Quand j’ai lu le Carnet de Grisélidis Réal, écrivain et prostituée militante décédée en 2005, j’ai pensé que si on pouvait imaginer une « langue de la chair » c’était bien dans ce carnet qu’elle se réalisait, dans cette écriture à la syntaxe «primitive» et sérielle, composée essentiellement de noms propres, d’adjectives et de verbes à l’infinitif. Dans au commencement était la chair… ce texte fait office de basse continue sur laquelle viennent se greffer d’autres mots, d’autres langues.

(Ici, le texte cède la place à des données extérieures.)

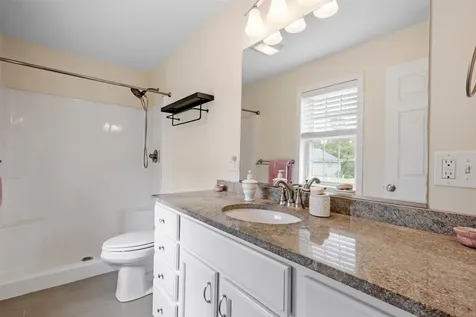 20 Linny Lane Laconia NH 03246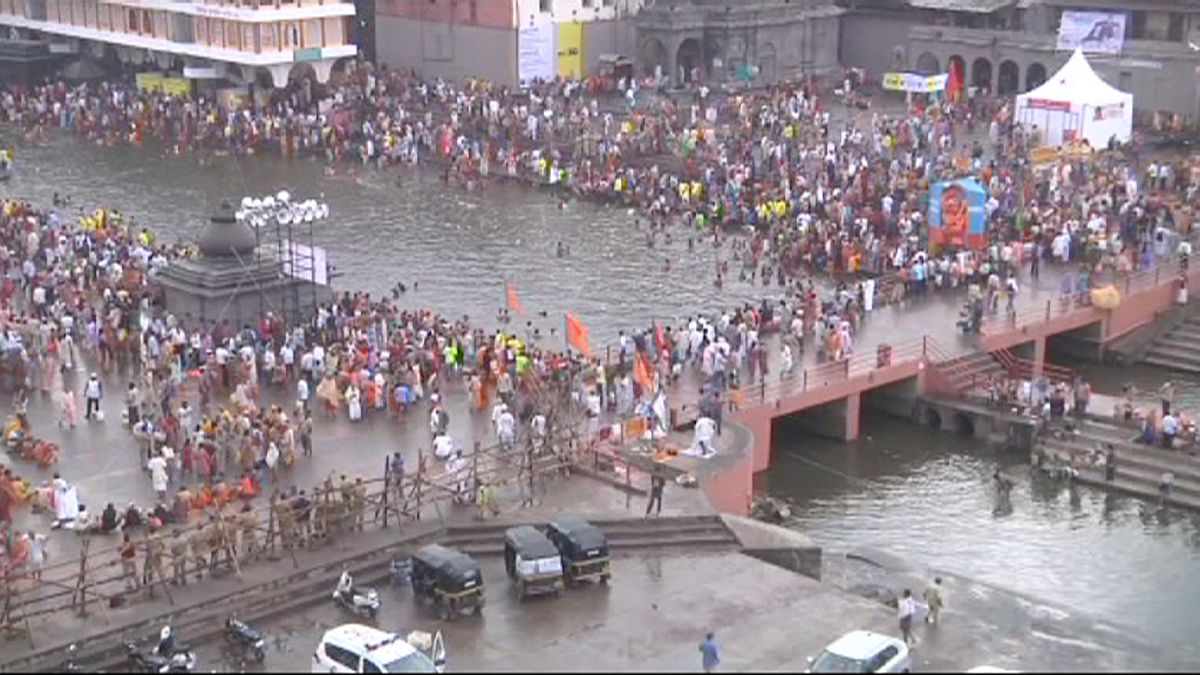 آلاف الحجيج الهندوس يتدفقون على نهر غودافاري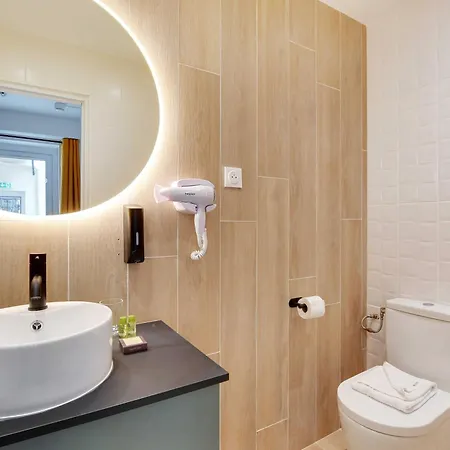 Newly Renovated Republique Parigi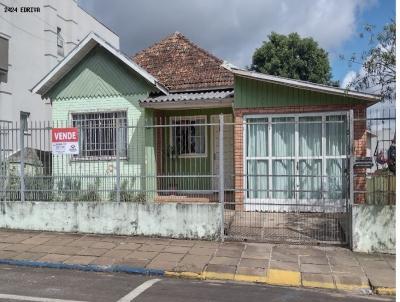 Casa para Venda, em Vacaria, bairro Centro, 3 dormitrios, 1 banheiro, 2 vagas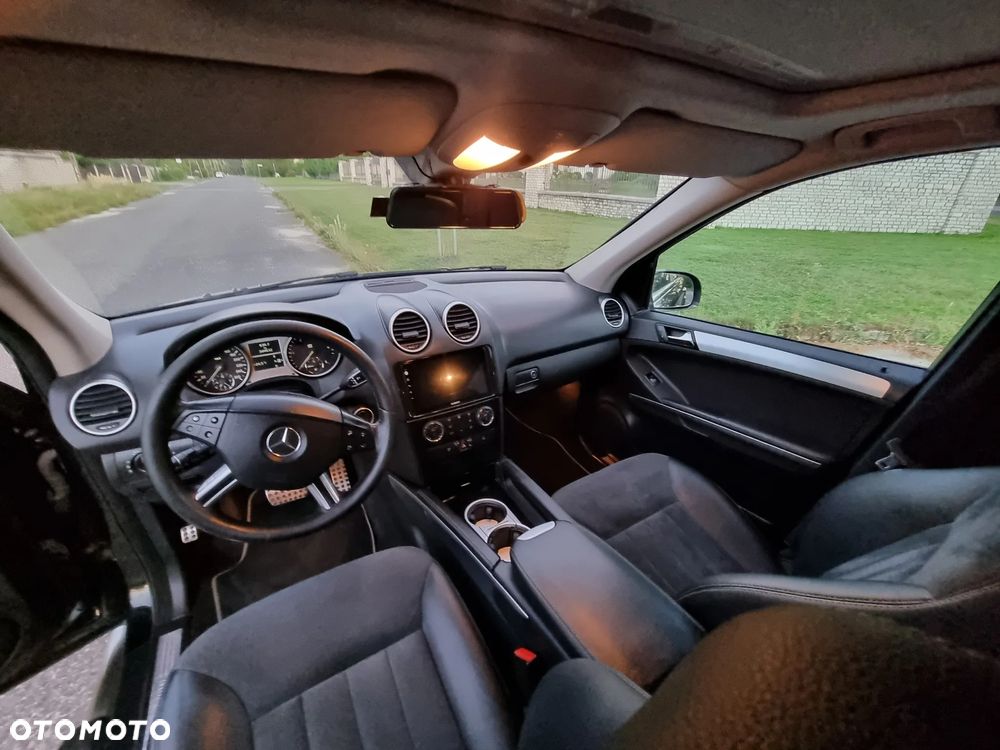 Mercedes-Benz ML - 8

au commencement était la chair… se situe du côté de la «stream of consciousness», de ce flot de conscience où l’identité se veut nomade et polyphonique. Un lieu où des figures s’invitent, où les objets, dans leurs différents niveaux de lecture – qu’elle soit symbolique ou métaphorique – articulent, avec les partitions textuelles, la mise en oeuvre d’une identité autofictionnelle. Une grotte renversée, où le «monde des idées» se fait corps et chair du plateau.

Références textuelles
Marija Gimbutas, Le langage de la déesse, Éditions des femmes – Antoinette Fouque, 2005
Brigitte Hatat, Miroirs. De Narcisse à Dionysos, dans Le corps parlant, novembre 2004, Édition érès,
Claudine Cohen, La femme des origines, Éditions Herscher, 2003
Andrée Chedid, Lucy. La femme verticale, Flammarion, 1998
Henri Atlan, L’utérus artificiel, Éditions du Seuil, 2005
Judith Butler, Trouble dans le genre, Éditions La Découverte, 2005
Osho, Satyam, Shivam, Sunderam dans Krishnananda, Face to face with fear, Koregaon, 2004

Notes
La beauté du corps est tout entière dans la peau. En effet si les hommes voyaient ce qui est sous la peau, doués comme le lynx de Boétie d’intérieure pénétration visuelle, la seule vue des femmes leur serait nauséabonde.
Odon de Cluny, Collationes, II

Avec Beauty il s’agissait d’amorcer un travail sur le corps féminin et ses représentations, d’inscrire dans un espace sonore et visuel des gestes du quotidien liés à la préoccupation tant individuelle que sociétale de la beauté (musculation passive, exposition au regard d’autrui,  consommation bio-cosmétologique vs relaxation, le modèle Barbie). Veneri, le second volet, questionnait à travers une réécriture vidéo le patrimoine iconographique relatif à l’image de Vénus, offrant autant de points de fuite vers la création d’une identité contemporaine tout en interrogeant le mythe à sa source – la naissance d’Aphrodite/Vénus – pour l’amener dans l’espace du présent.
au commencement était la chair…, troisième partie du triptyque, s’interroge sur les modalités de repousser les limites de la représentation du corps.
Existe-t-il un féminin au-delà des représentations qui en sont faites ? Est-il possible de sortir de la fabrique du corps ? De délaisser la prépondérance de l’image sans pour autant mettre en pièce le sujet ? Et que peut-il rester si l’on enlève les images et les enveloppes qui entourent le corps ?
Ici je pense aux blessures de Gina Pane, au Vagina Paintings de Shigeko Kubota, aux Siluetas d’Ana Mendieta, à l’oeuvre d’Orlan, et à bien d’autres tentatives (féminines) de reconduire le langage au corps, de «chair qui se fait verbe»…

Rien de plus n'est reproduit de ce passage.